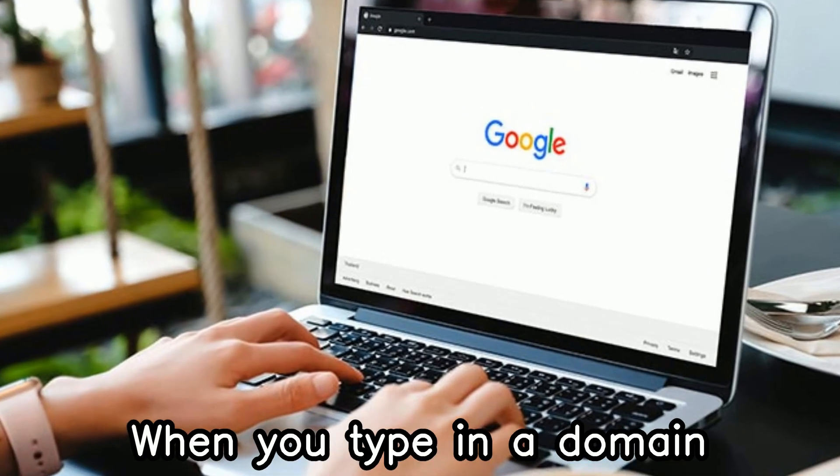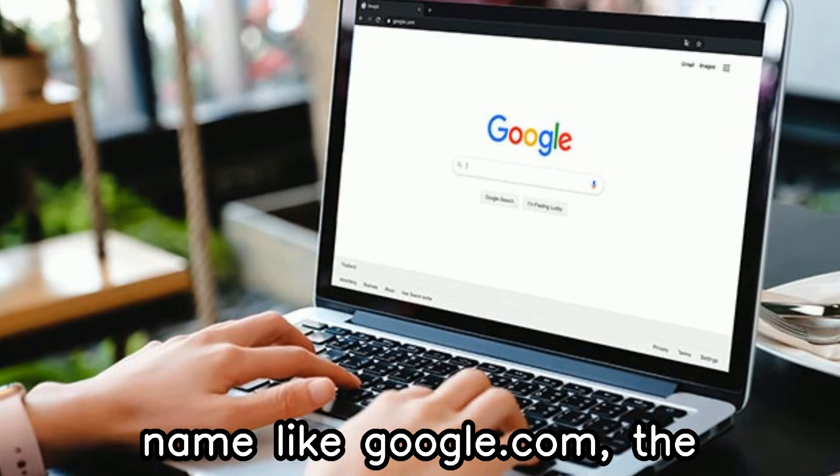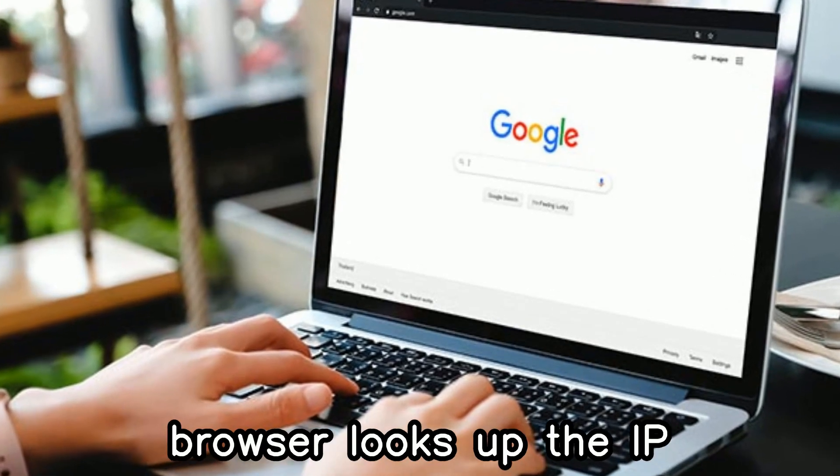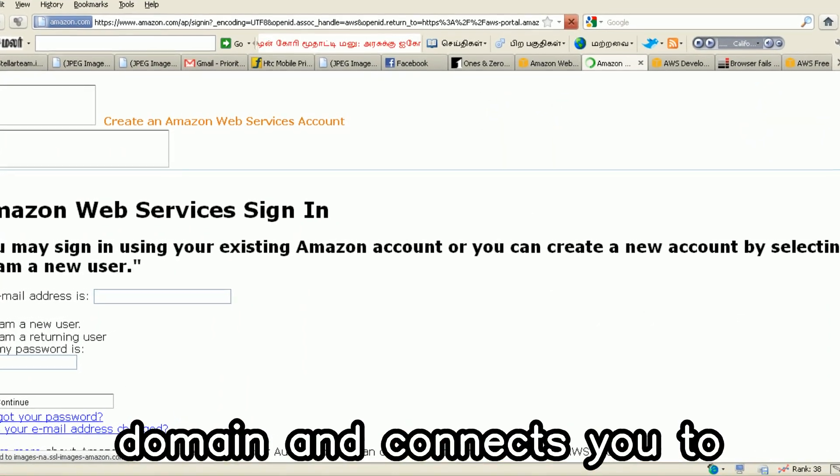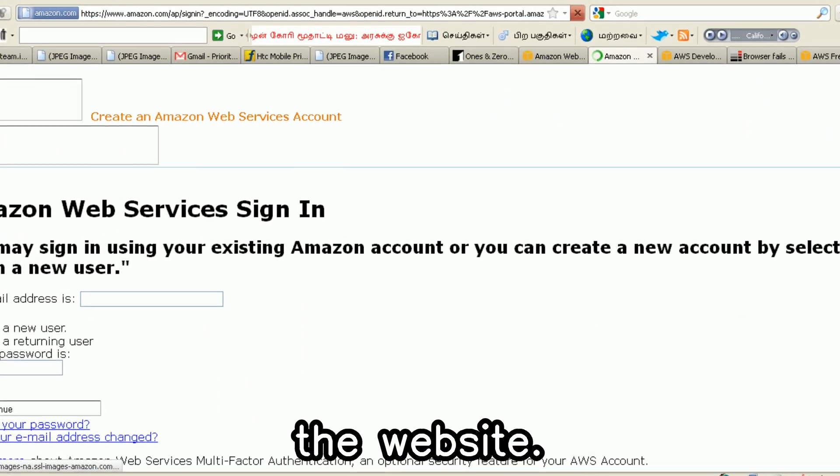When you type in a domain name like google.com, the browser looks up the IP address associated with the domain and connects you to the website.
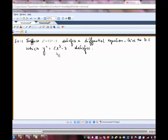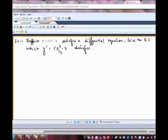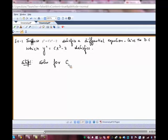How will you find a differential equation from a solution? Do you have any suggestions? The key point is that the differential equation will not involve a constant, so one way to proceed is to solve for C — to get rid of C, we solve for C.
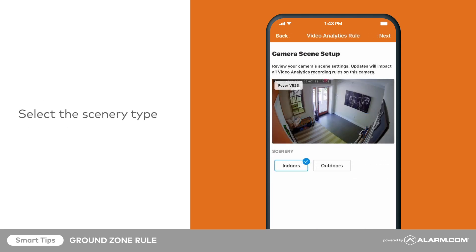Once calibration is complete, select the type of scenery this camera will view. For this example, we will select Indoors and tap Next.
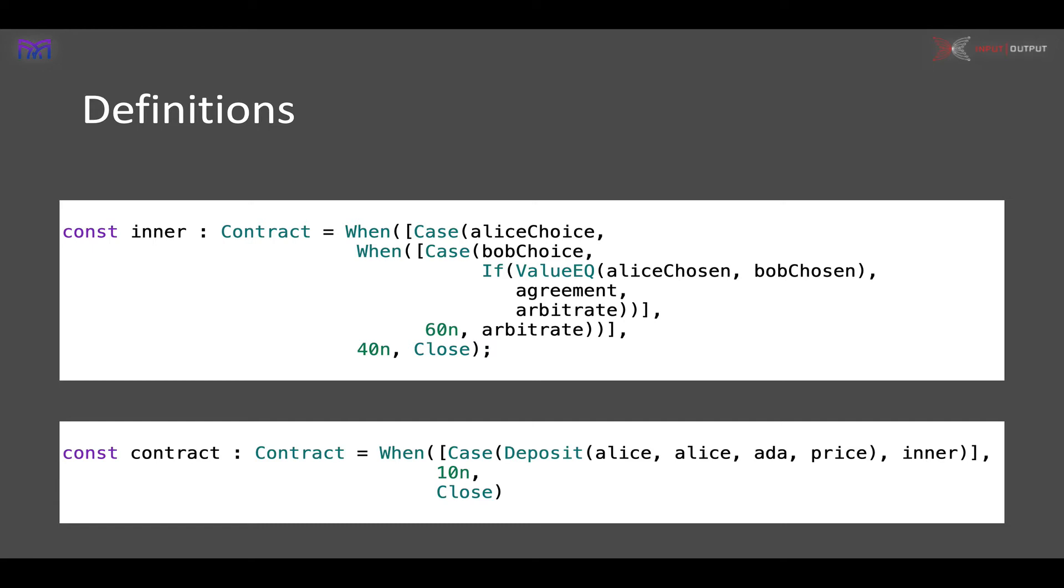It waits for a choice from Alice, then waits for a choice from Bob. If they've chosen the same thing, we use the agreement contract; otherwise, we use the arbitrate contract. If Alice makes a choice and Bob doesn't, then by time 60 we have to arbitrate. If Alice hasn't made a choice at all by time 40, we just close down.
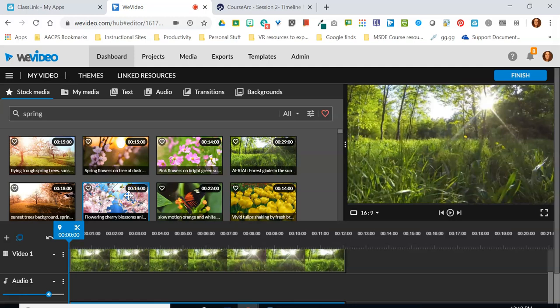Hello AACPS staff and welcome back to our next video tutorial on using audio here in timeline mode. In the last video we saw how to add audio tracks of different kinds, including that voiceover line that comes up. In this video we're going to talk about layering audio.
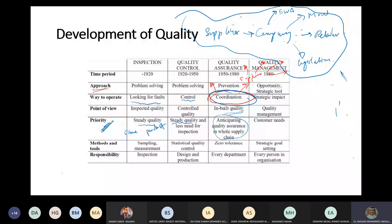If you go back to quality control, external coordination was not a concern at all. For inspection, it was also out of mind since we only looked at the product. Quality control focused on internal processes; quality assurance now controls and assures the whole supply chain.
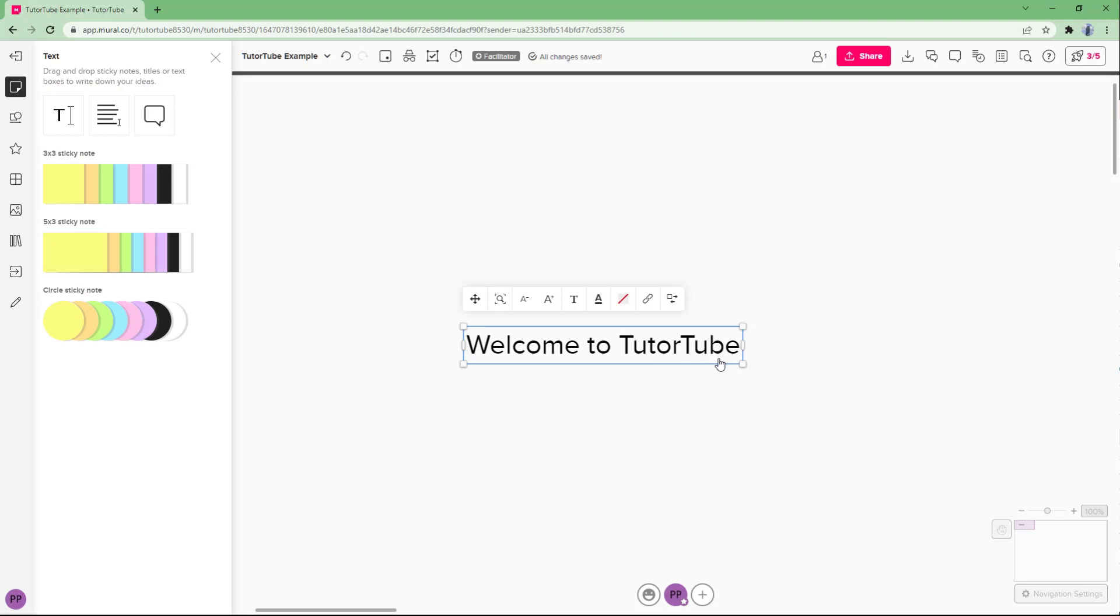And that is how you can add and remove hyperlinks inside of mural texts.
---+---
» Task instructions
From the first line above through the line containing "How will you", copy everything exactly, without the pictures.

» Answer to this task
When you type in a domain name like google.com, the browser looks up the IP address associated with the domain and connects you to the website.
How will you find a differential equation from a solution? Do you have any suggestions? The key point is that the differential equation will not involve a constant, so one way to proceed is to solve for C — to get rid of C, we solve for C.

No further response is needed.